Search the data for the string "Print" and copy each line in which it appears.

Web page caption snippets
•••
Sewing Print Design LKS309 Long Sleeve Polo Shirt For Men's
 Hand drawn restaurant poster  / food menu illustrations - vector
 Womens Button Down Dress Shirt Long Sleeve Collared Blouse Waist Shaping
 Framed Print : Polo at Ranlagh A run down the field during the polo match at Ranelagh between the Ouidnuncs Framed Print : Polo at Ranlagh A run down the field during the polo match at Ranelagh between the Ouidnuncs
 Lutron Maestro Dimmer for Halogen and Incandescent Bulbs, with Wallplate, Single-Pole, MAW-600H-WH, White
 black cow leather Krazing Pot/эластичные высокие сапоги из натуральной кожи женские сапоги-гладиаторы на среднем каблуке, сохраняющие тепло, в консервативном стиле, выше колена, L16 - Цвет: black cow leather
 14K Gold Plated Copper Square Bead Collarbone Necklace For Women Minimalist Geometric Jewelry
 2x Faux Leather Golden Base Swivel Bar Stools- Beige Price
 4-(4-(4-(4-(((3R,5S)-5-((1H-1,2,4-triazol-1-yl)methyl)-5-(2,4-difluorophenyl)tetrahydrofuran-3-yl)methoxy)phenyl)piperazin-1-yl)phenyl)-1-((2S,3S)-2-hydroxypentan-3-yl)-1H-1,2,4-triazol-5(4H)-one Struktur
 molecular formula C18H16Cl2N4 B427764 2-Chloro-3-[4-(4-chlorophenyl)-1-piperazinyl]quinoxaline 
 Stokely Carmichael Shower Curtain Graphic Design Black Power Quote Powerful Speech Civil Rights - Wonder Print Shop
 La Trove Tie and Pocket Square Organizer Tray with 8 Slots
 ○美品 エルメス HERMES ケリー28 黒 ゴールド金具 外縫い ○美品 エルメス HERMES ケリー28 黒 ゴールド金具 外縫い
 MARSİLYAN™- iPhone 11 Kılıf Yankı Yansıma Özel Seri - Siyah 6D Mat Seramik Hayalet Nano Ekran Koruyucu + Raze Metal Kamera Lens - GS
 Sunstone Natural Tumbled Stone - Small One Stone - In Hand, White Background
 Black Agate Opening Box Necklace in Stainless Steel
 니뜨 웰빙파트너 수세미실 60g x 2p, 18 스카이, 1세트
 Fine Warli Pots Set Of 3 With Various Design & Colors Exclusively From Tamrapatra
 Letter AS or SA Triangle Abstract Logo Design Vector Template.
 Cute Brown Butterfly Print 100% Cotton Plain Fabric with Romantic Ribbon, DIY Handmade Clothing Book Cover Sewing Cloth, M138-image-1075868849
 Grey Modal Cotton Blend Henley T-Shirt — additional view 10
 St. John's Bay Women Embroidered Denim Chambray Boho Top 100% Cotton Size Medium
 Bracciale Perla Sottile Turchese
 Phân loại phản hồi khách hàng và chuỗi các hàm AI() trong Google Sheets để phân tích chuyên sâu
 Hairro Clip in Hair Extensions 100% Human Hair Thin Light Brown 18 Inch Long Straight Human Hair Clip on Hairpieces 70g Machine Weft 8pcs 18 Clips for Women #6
•••
◆ Exercise response ◆
Sewing Print Design LKS309 Long Sleeve Polo Shirt For Men's
 Framed Print : Polo at Ranlagh A run down the field during the polo match at Ranelagh between the Ouidnuncs Framed Print : Polo at Ranlagh A run down the field during the polo match at Ranelagh between the Ouidnuncs
 Stokely Carmichael Shower Curtain Graphic Design Black Power Quote Powerful Speech Civil Rights - Wonder Print Shop
 Cute Brown Butterfly Print 100% Cotton Plain Fabric with Romantic Ribbon, DIY Handmade Clothing Book Cover Sewing Cloth, M138-image-1075868849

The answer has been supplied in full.